Items from a data source
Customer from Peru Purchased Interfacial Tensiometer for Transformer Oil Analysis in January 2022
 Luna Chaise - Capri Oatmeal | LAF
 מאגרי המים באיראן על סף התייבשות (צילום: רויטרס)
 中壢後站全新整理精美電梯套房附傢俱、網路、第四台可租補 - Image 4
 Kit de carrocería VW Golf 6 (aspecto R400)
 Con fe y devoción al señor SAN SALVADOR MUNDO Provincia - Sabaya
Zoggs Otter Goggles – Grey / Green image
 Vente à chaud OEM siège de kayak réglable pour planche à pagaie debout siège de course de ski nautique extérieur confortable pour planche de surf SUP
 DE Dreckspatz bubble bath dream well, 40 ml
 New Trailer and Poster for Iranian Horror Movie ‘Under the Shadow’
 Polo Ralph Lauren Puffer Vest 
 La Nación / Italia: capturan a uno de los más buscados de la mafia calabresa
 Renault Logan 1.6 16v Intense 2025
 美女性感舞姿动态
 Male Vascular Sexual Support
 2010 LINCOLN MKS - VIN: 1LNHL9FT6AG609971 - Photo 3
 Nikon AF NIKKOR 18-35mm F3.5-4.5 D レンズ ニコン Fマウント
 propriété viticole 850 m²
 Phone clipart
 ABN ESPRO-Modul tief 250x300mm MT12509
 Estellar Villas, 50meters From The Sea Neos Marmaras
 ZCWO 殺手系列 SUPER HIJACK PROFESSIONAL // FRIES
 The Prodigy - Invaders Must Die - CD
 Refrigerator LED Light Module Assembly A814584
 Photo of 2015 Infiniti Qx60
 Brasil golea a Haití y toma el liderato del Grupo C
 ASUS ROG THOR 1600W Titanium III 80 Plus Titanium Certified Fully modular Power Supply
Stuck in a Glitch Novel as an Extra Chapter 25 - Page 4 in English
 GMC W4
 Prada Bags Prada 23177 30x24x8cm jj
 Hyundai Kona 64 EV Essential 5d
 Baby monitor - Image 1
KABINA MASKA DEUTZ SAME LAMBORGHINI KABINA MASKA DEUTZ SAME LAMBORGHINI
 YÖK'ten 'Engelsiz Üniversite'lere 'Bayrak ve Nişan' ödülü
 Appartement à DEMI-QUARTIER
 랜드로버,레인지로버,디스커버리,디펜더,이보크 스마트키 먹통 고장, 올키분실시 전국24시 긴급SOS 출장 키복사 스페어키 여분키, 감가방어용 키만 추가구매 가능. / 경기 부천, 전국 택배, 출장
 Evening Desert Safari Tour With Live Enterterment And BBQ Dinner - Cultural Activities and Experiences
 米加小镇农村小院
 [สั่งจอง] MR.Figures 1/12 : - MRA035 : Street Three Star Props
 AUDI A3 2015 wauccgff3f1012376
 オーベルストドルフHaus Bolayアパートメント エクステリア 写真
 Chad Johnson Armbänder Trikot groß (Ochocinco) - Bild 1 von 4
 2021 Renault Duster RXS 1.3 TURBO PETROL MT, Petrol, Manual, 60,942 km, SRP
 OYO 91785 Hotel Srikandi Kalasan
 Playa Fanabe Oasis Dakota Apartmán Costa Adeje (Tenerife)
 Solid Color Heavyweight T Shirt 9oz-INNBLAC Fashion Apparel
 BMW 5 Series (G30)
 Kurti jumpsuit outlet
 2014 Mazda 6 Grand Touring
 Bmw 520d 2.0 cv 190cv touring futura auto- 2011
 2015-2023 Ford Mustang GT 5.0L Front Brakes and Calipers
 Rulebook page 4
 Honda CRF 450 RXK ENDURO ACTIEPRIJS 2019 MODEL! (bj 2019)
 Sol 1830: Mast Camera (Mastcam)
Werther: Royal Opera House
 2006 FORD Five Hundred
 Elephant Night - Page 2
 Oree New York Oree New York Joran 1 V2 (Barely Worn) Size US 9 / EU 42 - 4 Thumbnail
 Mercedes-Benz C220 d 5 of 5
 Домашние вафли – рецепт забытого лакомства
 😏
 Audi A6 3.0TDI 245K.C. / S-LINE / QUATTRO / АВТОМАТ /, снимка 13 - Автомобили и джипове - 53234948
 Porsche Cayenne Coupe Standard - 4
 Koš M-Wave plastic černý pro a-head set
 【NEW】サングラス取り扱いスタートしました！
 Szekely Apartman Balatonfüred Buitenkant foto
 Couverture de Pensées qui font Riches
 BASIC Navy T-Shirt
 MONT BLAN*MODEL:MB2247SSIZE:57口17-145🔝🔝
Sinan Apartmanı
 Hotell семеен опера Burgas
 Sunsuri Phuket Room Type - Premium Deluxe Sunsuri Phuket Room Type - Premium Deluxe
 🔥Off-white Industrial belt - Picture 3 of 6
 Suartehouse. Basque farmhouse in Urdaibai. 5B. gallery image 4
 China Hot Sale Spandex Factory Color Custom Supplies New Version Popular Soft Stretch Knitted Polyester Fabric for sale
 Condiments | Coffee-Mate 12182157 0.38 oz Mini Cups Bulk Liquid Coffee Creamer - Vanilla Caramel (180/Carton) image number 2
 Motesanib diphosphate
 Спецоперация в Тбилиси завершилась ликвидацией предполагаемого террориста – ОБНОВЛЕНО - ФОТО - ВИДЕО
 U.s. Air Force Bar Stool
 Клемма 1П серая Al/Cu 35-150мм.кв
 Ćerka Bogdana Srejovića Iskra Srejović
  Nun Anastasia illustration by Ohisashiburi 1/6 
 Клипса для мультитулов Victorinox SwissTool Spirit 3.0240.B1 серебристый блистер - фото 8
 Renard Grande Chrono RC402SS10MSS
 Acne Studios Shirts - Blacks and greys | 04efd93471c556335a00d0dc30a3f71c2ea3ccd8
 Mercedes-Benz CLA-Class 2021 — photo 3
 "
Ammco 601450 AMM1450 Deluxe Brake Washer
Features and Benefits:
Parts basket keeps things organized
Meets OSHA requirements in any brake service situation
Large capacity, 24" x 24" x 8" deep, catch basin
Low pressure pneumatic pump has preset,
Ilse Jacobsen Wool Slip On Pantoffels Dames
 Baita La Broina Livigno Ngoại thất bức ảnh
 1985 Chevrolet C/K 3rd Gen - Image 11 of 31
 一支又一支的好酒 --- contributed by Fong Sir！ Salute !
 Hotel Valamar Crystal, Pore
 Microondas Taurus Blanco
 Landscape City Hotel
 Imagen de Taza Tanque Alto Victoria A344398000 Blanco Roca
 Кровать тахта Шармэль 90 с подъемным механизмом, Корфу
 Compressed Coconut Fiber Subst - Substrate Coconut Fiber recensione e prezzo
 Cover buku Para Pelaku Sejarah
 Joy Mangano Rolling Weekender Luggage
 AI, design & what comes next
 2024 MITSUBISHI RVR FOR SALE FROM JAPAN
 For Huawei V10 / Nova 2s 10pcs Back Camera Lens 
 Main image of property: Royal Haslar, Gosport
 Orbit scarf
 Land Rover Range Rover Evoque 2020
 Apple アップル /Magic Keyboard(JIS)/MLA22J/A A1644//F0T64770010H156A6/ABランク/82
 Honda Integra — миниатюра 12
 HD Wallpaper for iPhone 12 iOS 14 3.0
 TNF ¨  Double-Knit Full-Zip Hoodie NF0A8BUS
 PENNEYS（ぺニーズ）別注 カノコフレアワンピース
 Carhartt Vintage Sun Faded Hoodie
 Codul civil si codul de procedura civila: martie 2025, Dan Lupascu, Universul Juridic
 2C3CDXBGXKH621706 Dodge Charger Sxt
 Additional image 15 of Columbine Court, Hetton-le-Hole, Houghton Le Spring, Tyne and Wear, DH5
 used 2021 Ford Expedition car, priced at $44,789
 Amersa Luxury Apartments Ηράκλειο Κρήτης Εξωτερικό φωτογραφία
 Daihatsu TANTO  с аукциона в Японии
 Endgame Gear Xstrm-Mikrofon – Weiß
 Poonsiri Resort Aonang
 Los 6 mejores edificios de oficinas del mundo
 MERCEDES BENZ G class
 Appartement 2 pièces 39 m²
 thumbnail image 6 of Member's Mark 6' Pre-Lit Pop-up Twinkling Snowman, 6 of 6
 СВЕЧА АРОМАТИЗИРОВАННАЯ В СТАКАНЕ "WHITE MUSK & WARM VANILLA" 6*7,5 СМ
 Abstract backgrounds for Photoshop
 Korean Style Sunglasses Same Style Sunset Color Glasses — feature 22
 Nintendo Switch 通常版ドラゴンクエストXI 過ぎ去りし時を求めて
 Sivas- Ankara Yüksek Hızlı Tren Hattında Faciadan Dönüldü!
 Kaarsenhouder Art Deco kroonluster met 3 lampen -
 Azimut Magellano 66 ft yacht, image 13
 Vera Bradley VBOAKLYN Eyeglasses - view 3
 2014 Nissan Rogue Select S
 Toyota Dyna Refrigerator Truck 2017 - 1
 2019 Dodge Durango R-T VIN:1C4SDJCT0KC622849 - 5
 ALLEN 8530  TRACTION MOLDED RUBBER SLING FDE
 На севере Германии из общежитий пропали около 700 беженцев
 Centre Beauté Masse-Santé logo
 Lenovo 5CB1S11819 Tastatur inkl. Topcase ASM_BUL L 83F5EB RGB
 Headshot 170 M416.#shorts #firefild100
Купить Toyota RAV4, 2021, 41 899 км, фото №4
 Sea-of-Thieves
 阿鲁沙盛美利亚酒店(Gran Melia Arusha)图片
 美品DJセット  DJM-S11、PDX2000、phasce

Work to be completed:
Return the lines from the one containing "Купить Toyota RAV4, 2021, 41 899 км, фото №4" through the last line of the records. Include both ends and nothing else.

Exercise output:
Купить Toyota RAV4, 2021, 41 899 км, фото №4
 Sea-of-Thieves
 阿鲁沙盛美利亚酒店(Gran Melia Arusha)图片
 美品DJセット  DJM-S11、PDX2000、phasce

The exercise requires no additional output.